Selecting non-inter-correlated features:

In [None]:
features_simple_non_intercorrelated = selectNonIntercorrelated(data_train_simple, features, 0.9)
features_it_non_intercorrelated = selectNonIntercorrelated(data_train_it, features, 0.9)
print ('Number of non-intercorrelated features (simple, iterative): ', 
       len(features_simple_non_intercorrelated), 
       len(features_it_non_intercorrelated))

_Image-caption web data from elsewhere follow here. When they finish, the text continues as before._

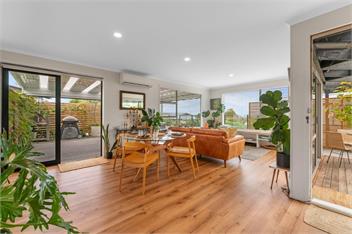 Lake View Retreat - lake views, BBQ & Pizza Oven - Taupo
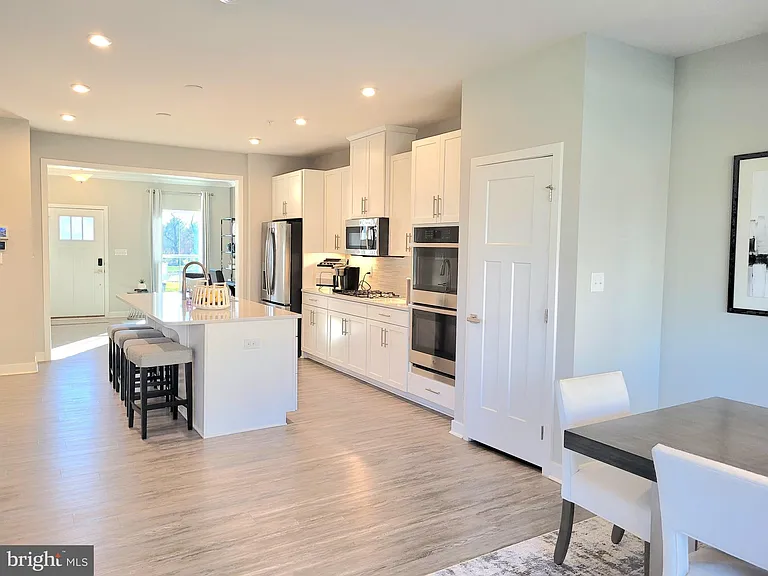 830 Fountain Trl — Photo 4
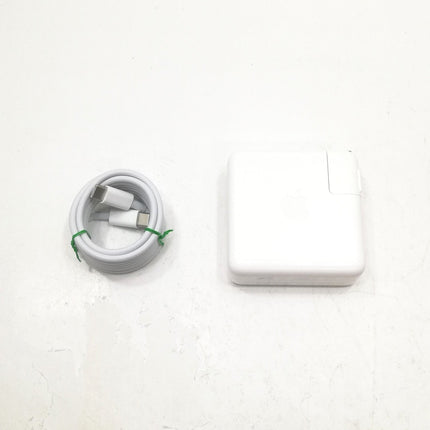 MacBook Air M1 / 13インチ / 2020 / 16GB / 512GB / スペースグレイ / ランク:B / MGN73J/A / A2337 【中古品管理番号:41451】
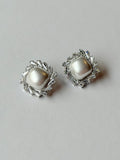 Arete de perla barroca con halo de cristales baguettes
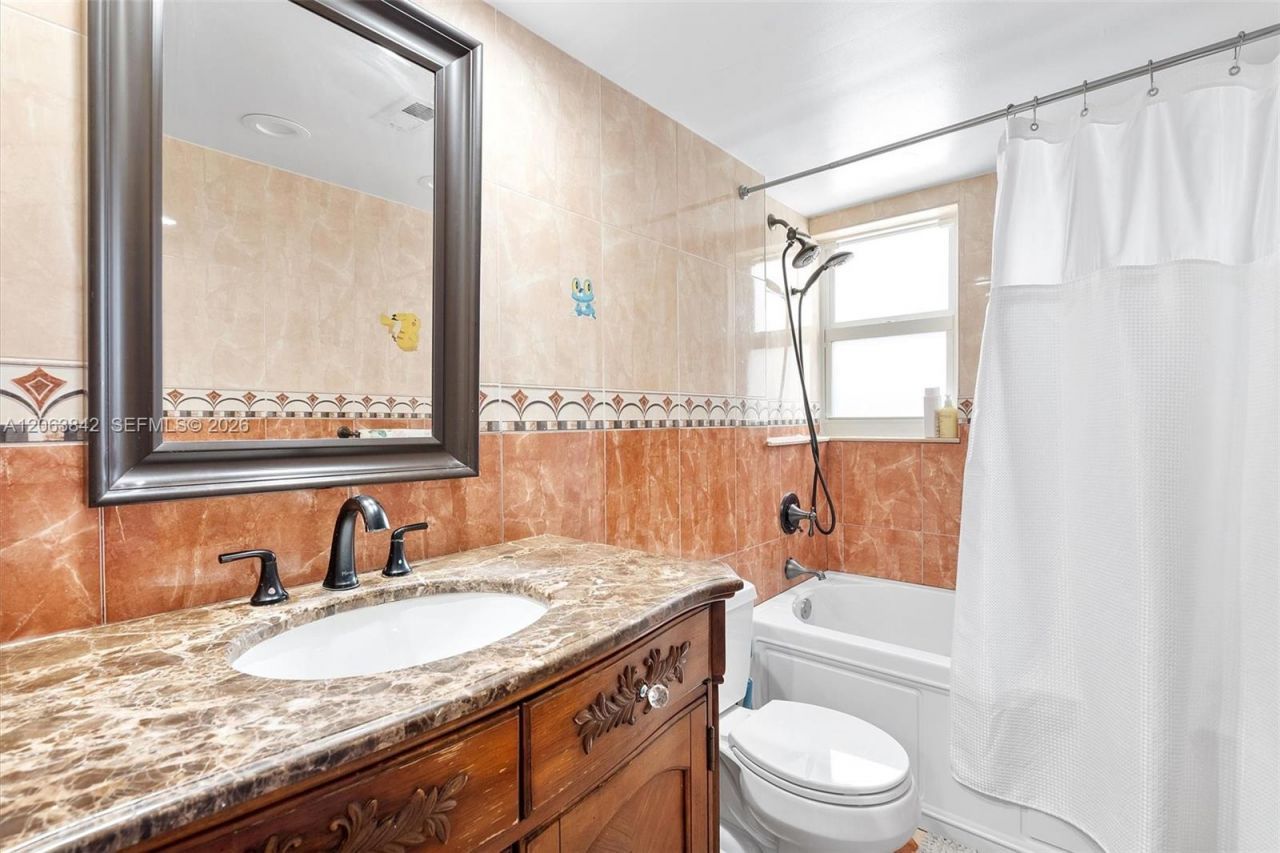 1000 NE 12th Ave, Unit 408, Hallandale Beach, FL 33009 Photo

There are some rules of thumb on how many features we need in the end:  
* $int(\frac{N_{samples}}{10})$ (Abu-Mostafa, Y. S., Magdon-Ismail, M., & Lin, H. T. (2012). Learning from data (Vol. 4, p. 4). New York: AMLBook.)  
* $\sqrt{N_{samples}}$ (Hua, J., Xiong, Z., Lowey, J., Suh, E., & Dougherty, E. R. (2005). Optimal number of features as a function of sample size for various classification rules. Bioinformatics, 21(8), 1509-1515.)

In [None]:
print ('Nmber of samples in training dataset: ', len(y_train))
print ('Number of features to select according to Abu-Mostafa: ', int(len(y_train)/10))
print ('Number of features to select according to Hua: ', int(len(y_train)**0.5))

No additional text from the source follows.